EXERCISE DETAILS
Copy out all lines from the material that contain the string "green".
--- --- ---
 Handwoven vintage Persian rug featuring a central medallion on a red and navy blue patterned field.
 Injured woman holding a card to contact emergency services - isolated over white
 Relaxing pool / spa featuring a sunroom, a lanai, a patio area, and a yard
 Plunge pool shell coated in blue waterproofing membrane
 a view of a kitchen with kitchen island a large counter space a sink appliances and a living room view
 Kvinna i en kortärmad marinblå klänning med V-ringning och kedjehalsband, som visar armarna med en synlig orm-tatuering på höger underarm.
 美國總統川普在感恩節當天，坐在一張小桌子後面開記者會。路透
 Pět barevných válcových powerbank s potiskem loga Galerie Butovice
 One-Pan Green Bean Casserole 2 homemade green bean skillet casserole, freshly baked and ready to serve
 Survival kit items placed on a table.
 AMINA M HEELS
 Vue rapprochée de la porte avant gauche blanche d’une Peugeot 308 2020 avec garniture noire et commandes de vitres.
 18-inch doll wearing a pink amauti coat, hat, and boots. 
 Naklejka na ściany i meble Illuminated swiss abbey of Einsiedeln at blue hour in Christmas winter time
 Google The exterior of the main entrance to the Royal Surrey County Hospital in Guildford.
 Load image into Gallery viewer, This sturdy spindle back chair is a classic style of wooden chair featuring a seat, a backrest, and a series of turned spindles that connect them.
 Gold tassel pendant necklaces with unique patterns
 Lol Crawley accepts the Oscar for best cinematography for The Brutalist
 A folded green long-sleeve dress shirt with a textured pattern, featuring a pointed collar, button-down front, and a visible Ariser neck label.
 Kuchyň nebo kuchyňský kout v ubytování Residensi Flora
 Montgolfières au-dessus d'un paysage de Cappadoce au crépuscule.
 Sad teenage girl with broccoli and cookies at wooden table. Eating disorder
--- --- ---
WRITTEN REPLY
 One-Pan Green Bean Casserole 2 homemade green bean skillet casserole, freshly baked and ready to serve
 A folded green long-sleeve dress shirt with a textured pattern, featuring a pointed collar, button-down front, and a visible Ariser neck label.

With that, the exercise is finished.